The Jiangmen Underground Neutrino Observatory (JUNO) is a multipurpose neutrino experiment with the primary goals of the determining the neutrino mass ordering and precisely measuring oscillation parameters [1, 2, 3]. Currently under construction in Southern China, it comprises a central detector (CD) for neutrino detection, a water pool (WP) and a top tracker (TT) for cosmic ray muon measurement. The innermost of CD is 20 kton liquid scintillator (LS), surrounded by 17,612 20-inch and 25,600 3-inch photomultiplier tubes (PMTs). The WP is equipped with 2,400 20-inch PMTs, served as a veto system for the cosmic ray muons. On the top of WP, the TT is used to measure the muons as well. The installation of all the PMTs and readout electronics will be completed by the end of 2024 and that afterwards, during detector filling, JUNO will start commissioning all the readout channels to test the full DAQ and data processing chains.

Figure 1 shows a schematic view of data processing in JUNO. When data taking starts, the event rate is about 1 kHz. The detector produces thousands channels of waveforms at a sampling rate of 1 GHz. To reduce the huge data volume, an additional system named Online Event Classification (OEC) is applied after trigger to reduce the event size according to the event types. Unlike the trigger system discards events, OEC retains all events. Approximately 60 MB/s of byte-stream RAW data, amounting 2 PB per year, is expected to be produced. The RAW data is transferred from the onsite to the IHEP data center via a dedicated network. The RAW data is preprocessed and converted to the ROOT-based RAW (RTRAW) data, using JUNO Event Data Model [4] and ROOT I/O[5]. Both types of data are replicated to the other data centers through the Distributed Computing Infrastructure (DCI) [6]. To minimize disk volume, the RAW data is archived to a tape library, while the RTRAW data is stored on a disk. After event reconstruction of the RTRAW data, the output is stored in ESD (Event Summary Data) format. The data processing involves several critical components, including data quality monitoring (DQM), keep-up reconstruction (KUP) and physics production (PP).

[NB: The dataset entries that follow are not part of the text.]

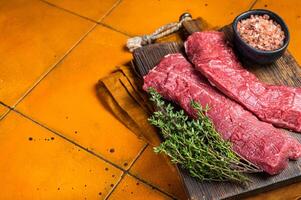 Butcher table with Raw lamb tenderloin Fillet, Mutton loin Meat with thyme. Orange background. Top view. Copy space photo
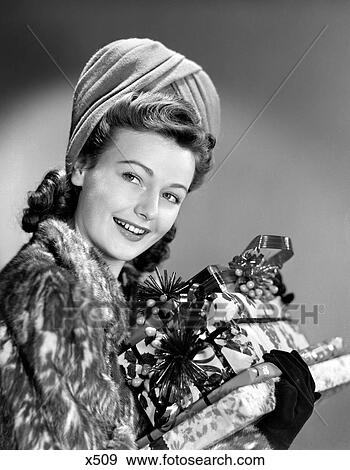 1940S Woman In Fur Coat Holding Stack Of Christmas Presents View Large Photo Image Stock Photo - 1940S Woman In Fur Coat Holding Stack Of Christmas Presents. Fotosearch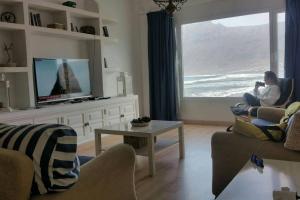 a woman sitting in a living room looking out the window at Playa de Caleta de Famara in Famara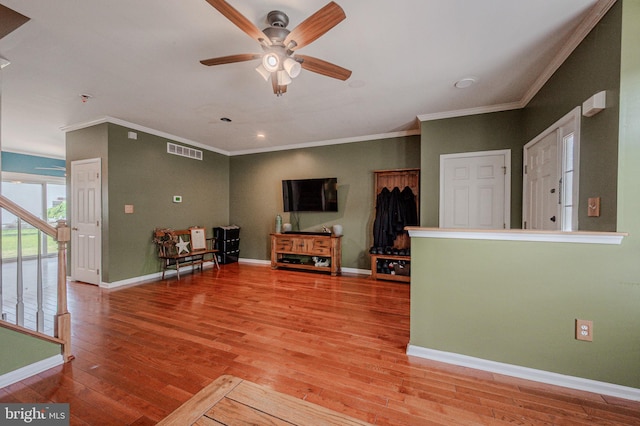 living area with light wood-type flooring, ornamental molding, a ceiling fan, and visible vents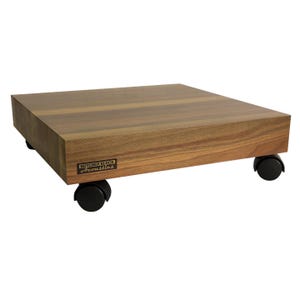 May include: A rectangular wooden platform with a natural brown wood grain finish, featuring four black swivel casters attached to the underside. A small rectangular label on the front edge displays the text Butcher Block Acoustics.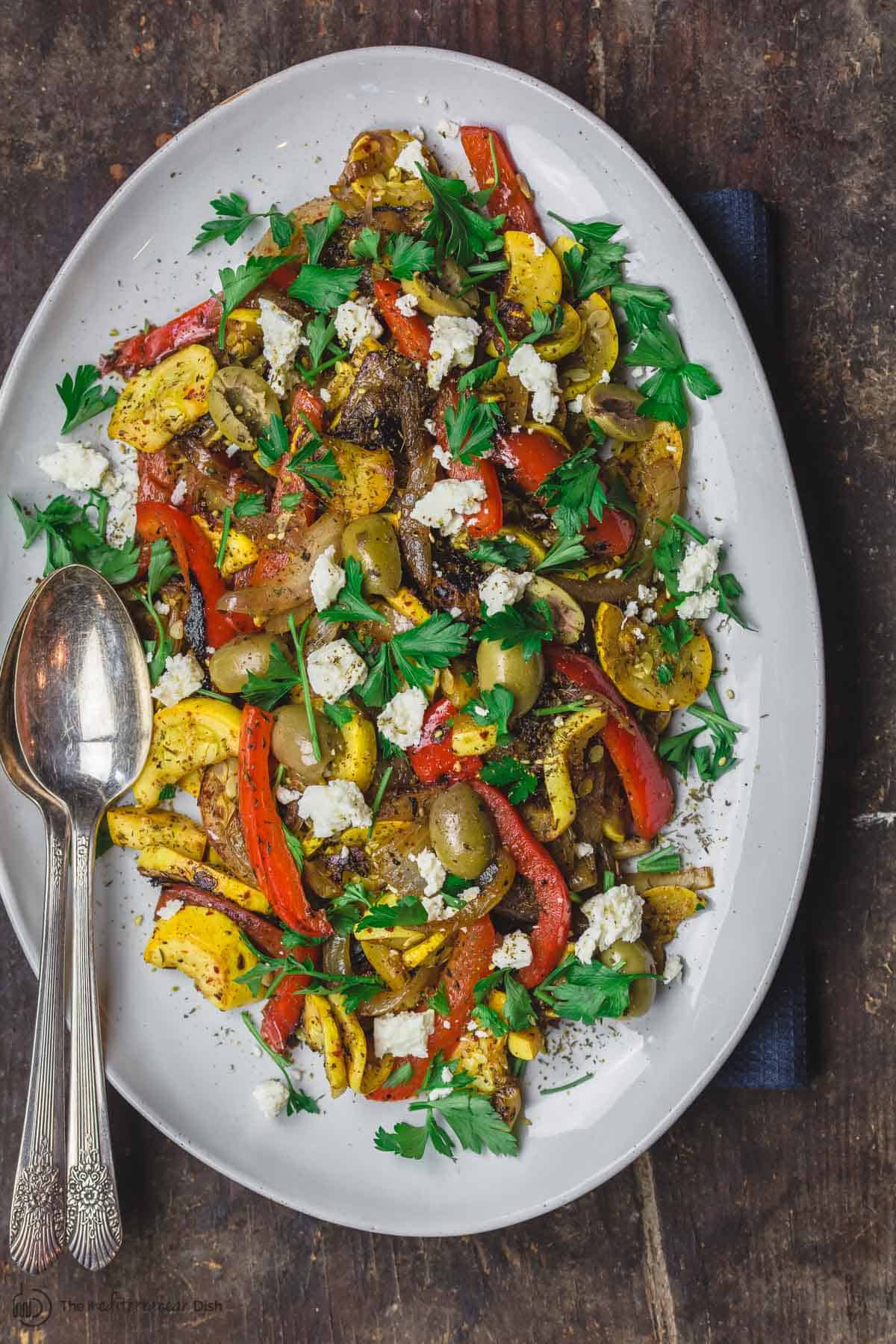 Sauteed Yellow Squash with Sweet Onions and bell peppers. Served with a garnish of feta cheese, olives and parsley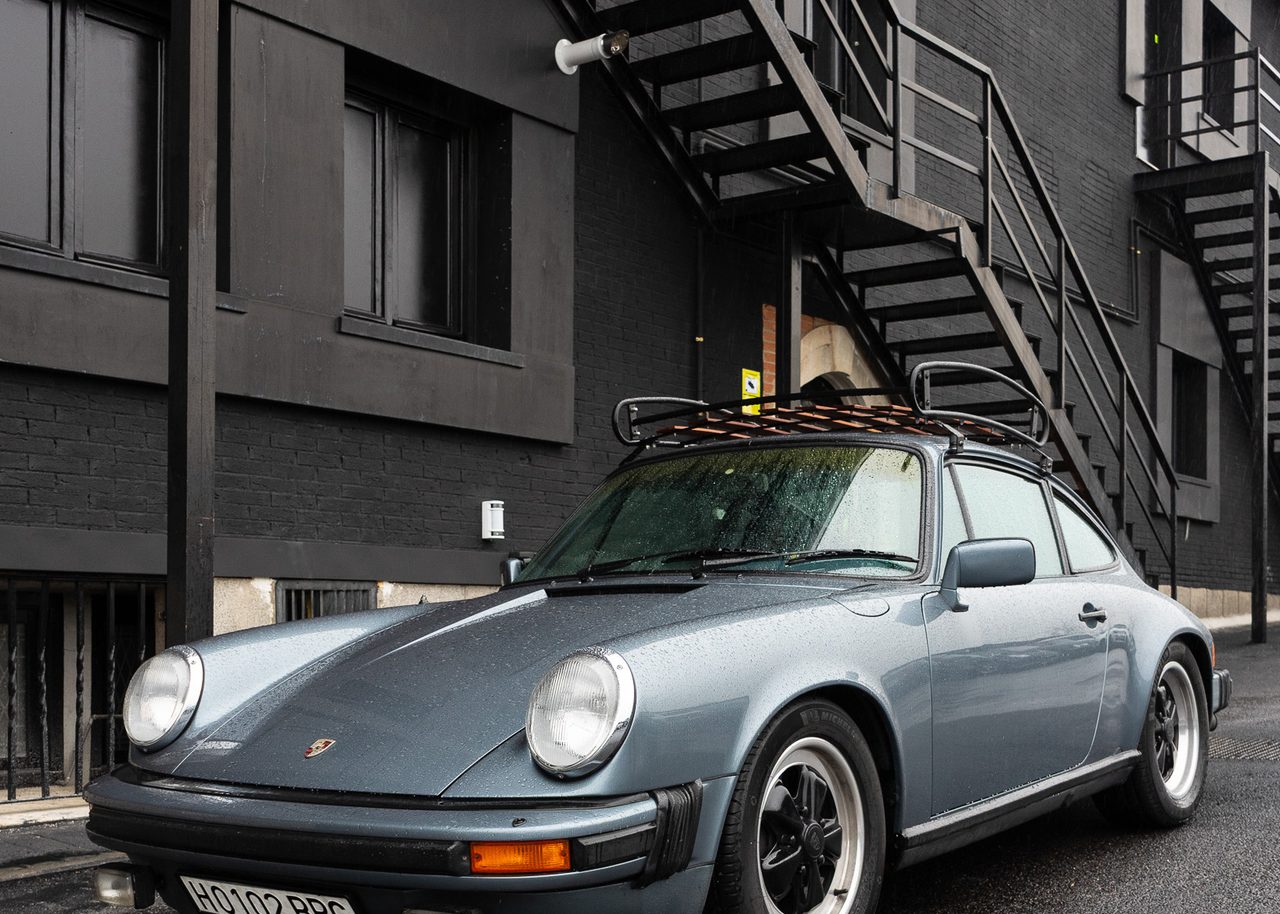 Porsche clásico con gotas de lluvia sobre la carrocería estacionado en una calle mojada de Madrid junto a una fachada industrial oscura.
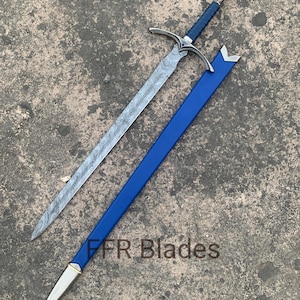 May include: A sword with a patterned Damascus steel blade, a blue leather-wrapped handle, and a silver-toned pommel and crossguard. The sword is accompanied by a blue scabbard with silver-toned metal fittings. The text FFR Blades is visible.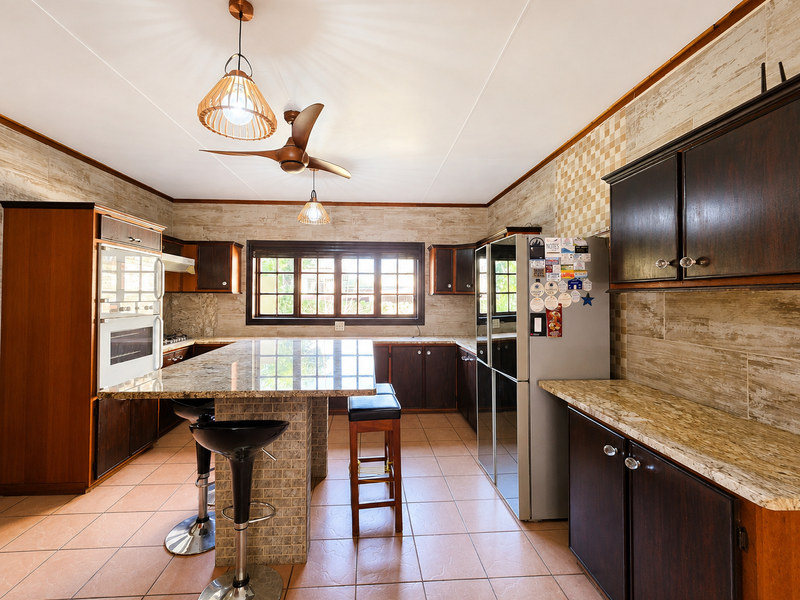 Spacious kitchen featuring dark wood cabinetry, granite countertops, a central island with breakfast bar seating, and tiled finishes throughout.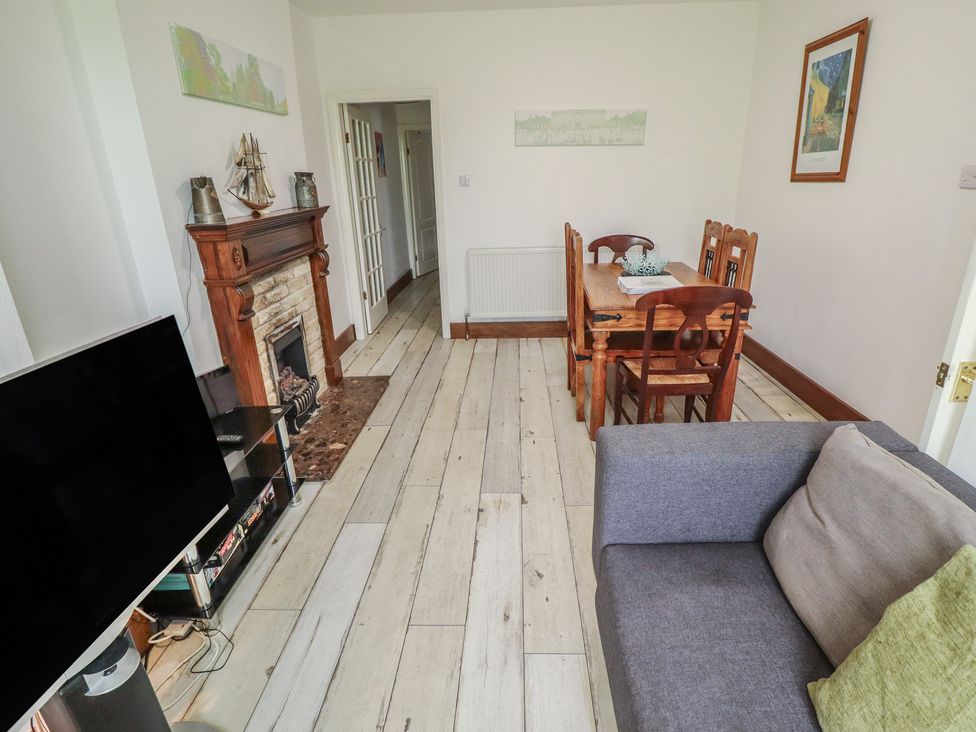 A living room with a sofa and dining area at Herby's Retreat in Sutton-On-Sea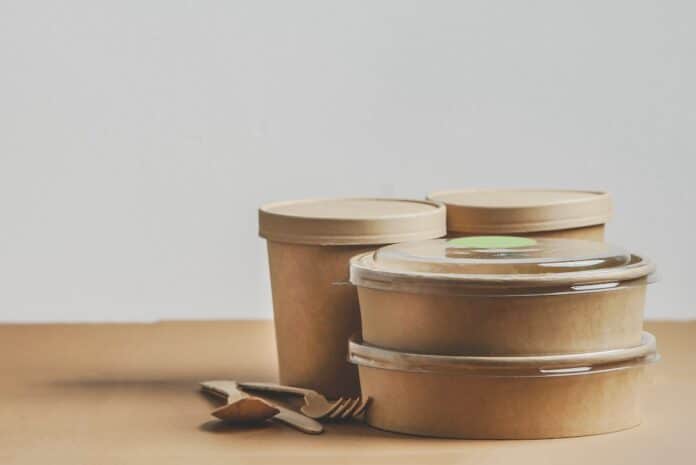 Selection of modern sustainable food delivery containers and cutlery on kitchen table at white wall background. Front view with copy space. Banner PFAS CONTENITORI ALIMENTI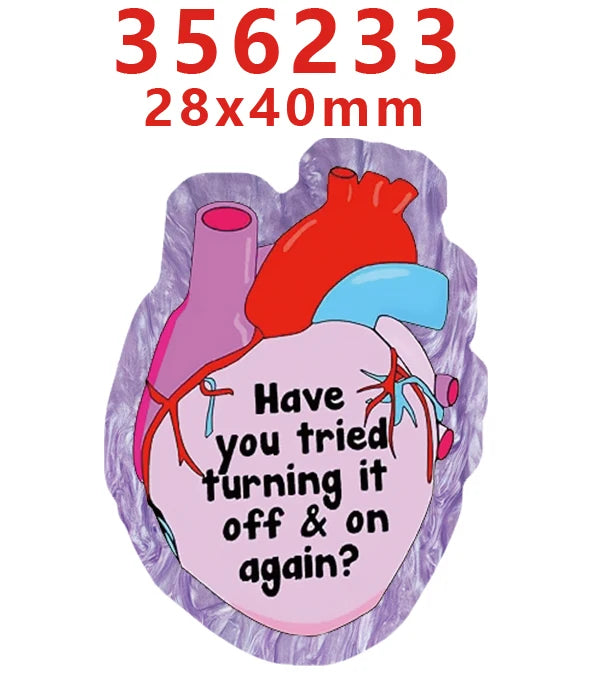 A set of glitter acrylic nurse badge charms featuring a heart and a blood vessel design.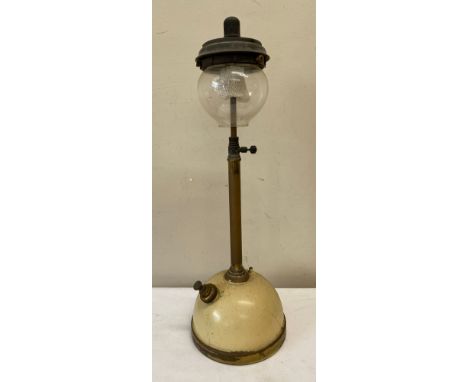 A Mid 20thC Tilley 'Table Model' paraffin lamp with Tilley Durosil 182 glass globe and original lamp shade. 54cm h.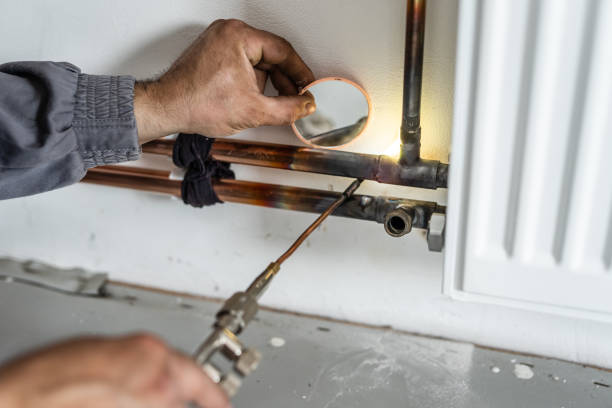 istock Close up on hands Unknown industrial worker plumber with central heating copper pipes welding using gas torch or blowtorch on the wall in house building or apartment - real people at work copy space 1320565919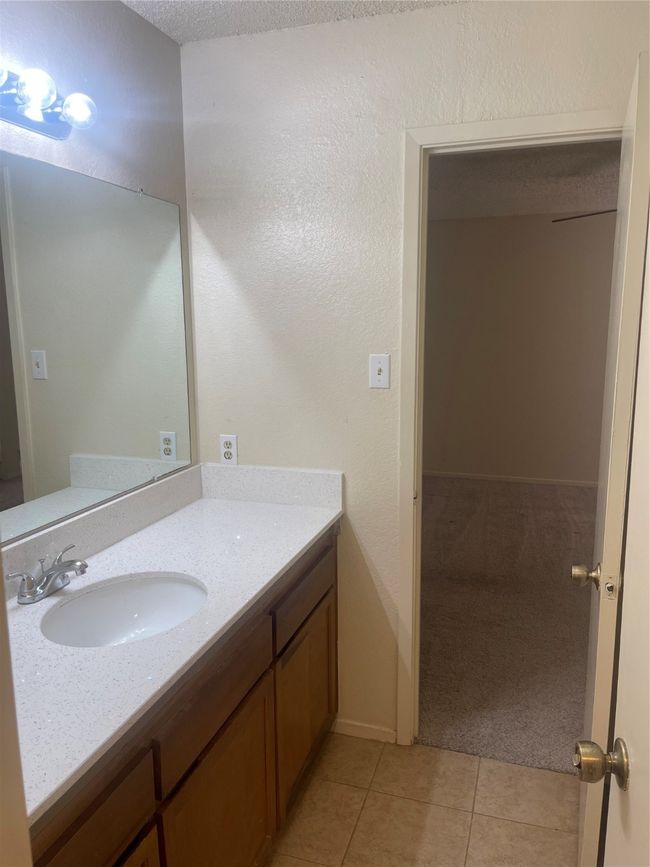 Bathroom featuring vanity and tile patterned flooring | Image 11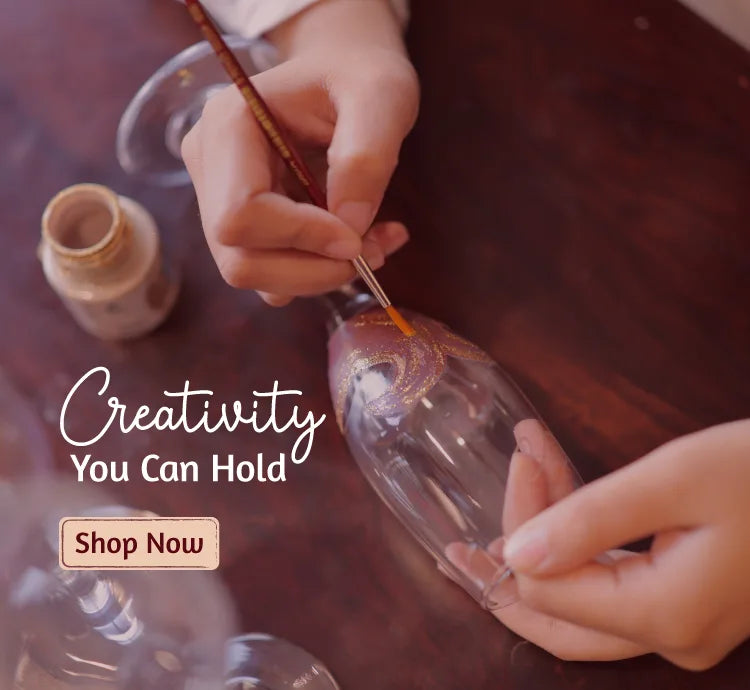 Artist hand painting a decorative champagne glass for Ekeha handcrafted glass collection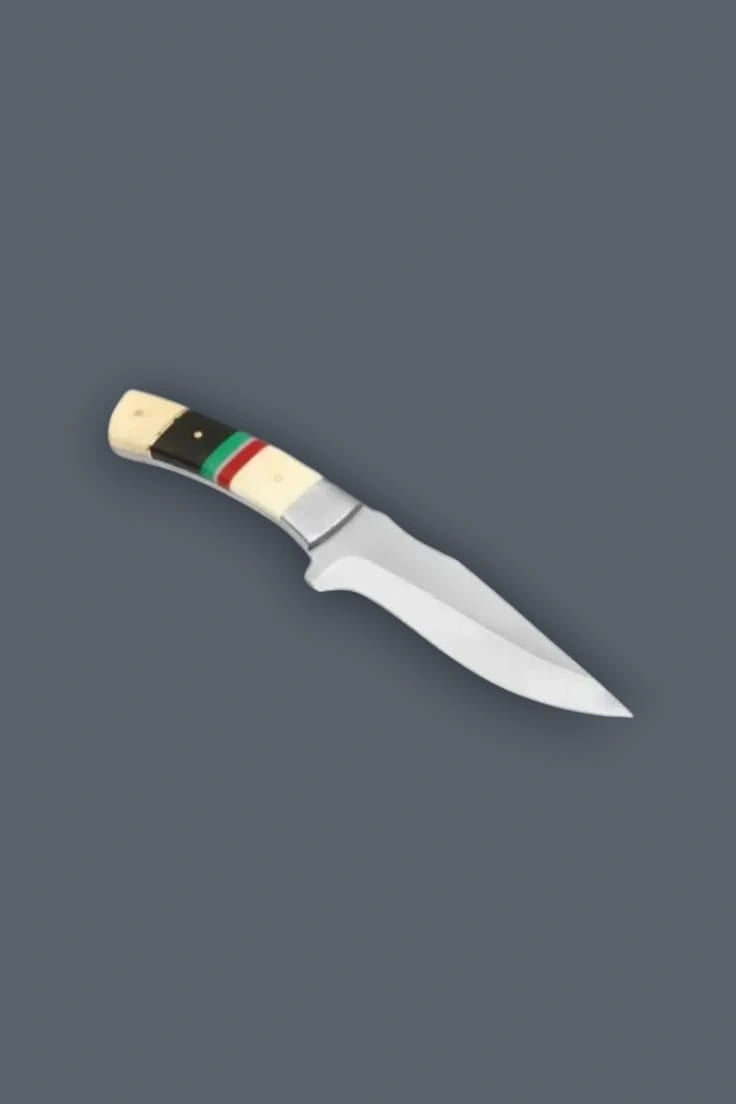 Downward diagonal flat lay of the stainless steel fixed blade hunting knife, highlighting the full tang construction and the ergonomic curve of the banded bone handle.
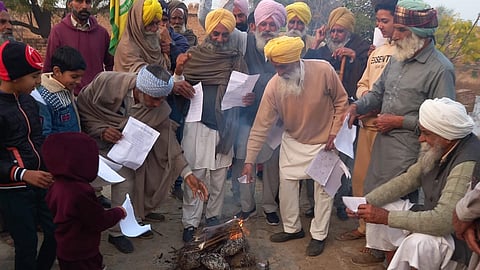 Farmers burning copies of the new farm policy draft.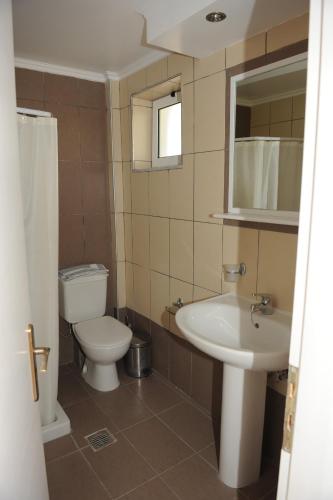a bathroom with a white toilet and a sink at Jenny Hotel in Laganas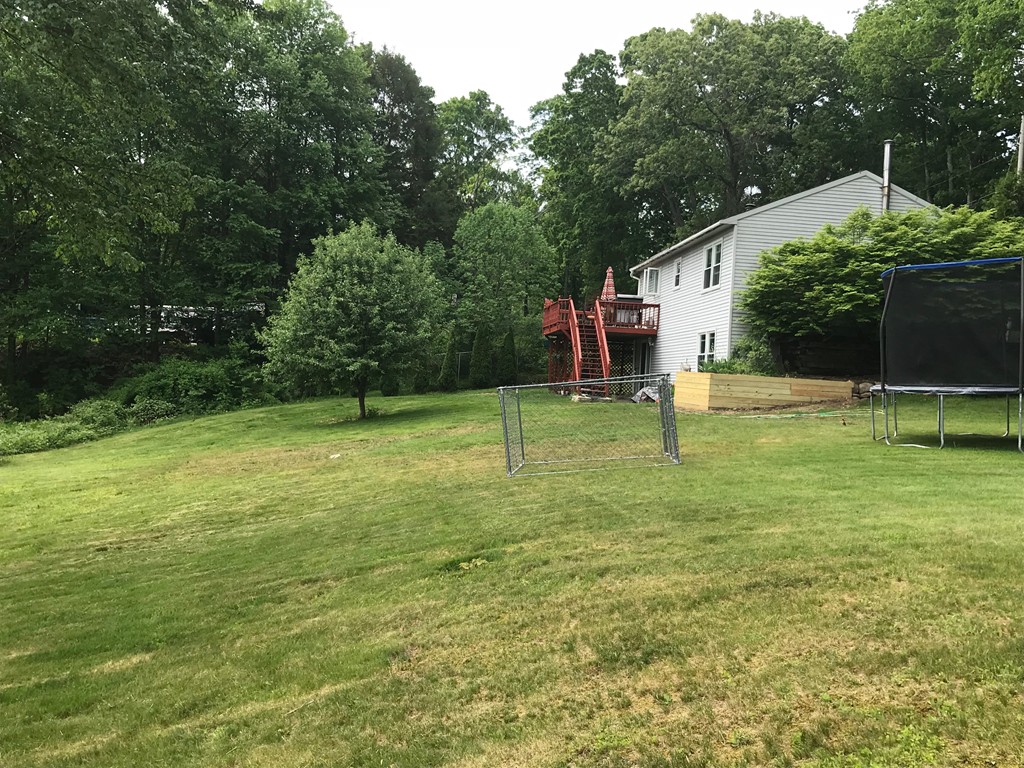 104 Fitzgerald Road Charlton, MA 01507 - Photo 13 of 14 a view of a house with a backyard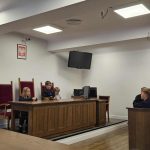 Troje dzieci siedzi na ławce sędziowskiej w sali sądowej, a inne dziecko siedzi przy biurku obok.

Refer to caption — Figure 1: Baseline scheme of offline data processing

2 The first JUNO Data Challenge (DC-1)

A series of JUNO Data Challenges (DC) have been proposed to evaluate and validate the complete data processing chain in advance. The JUNO DC serves not only to test the event reconstruction software, but also functions as a system test for the database, the Kafka-based [7] data pipeline, DQM, KUP and PP etc. The estimation of computing and storage capacities are validated through JUNO DC.

The JUNO DC-1 is focus on data processing within the central detector. About one week of inclusive datasets are produced and then reconstructed. Radioactivities, cosmic ray muons and neutrino events are simulated in advance. The rates of radioactivities and muons are set to the rates expected in the real data, while the rate of neutrino events is increased from 60 events per day to 4 Hz. By increasing the event rates of neutrinos, the reconstruction algorithms can be tested with higher statistics. In order to test the conditions database later, seven sets of time offsets are added to the channels during simulation.

As shown in Figure 2, there are two major steps in the workflow. The first step involves using simulation software to generate RTRAW files. The subsequent step involves reconstruction of these RTRAW files in the different systems and producing ESD files. Additionally, the conditions database is used for testing.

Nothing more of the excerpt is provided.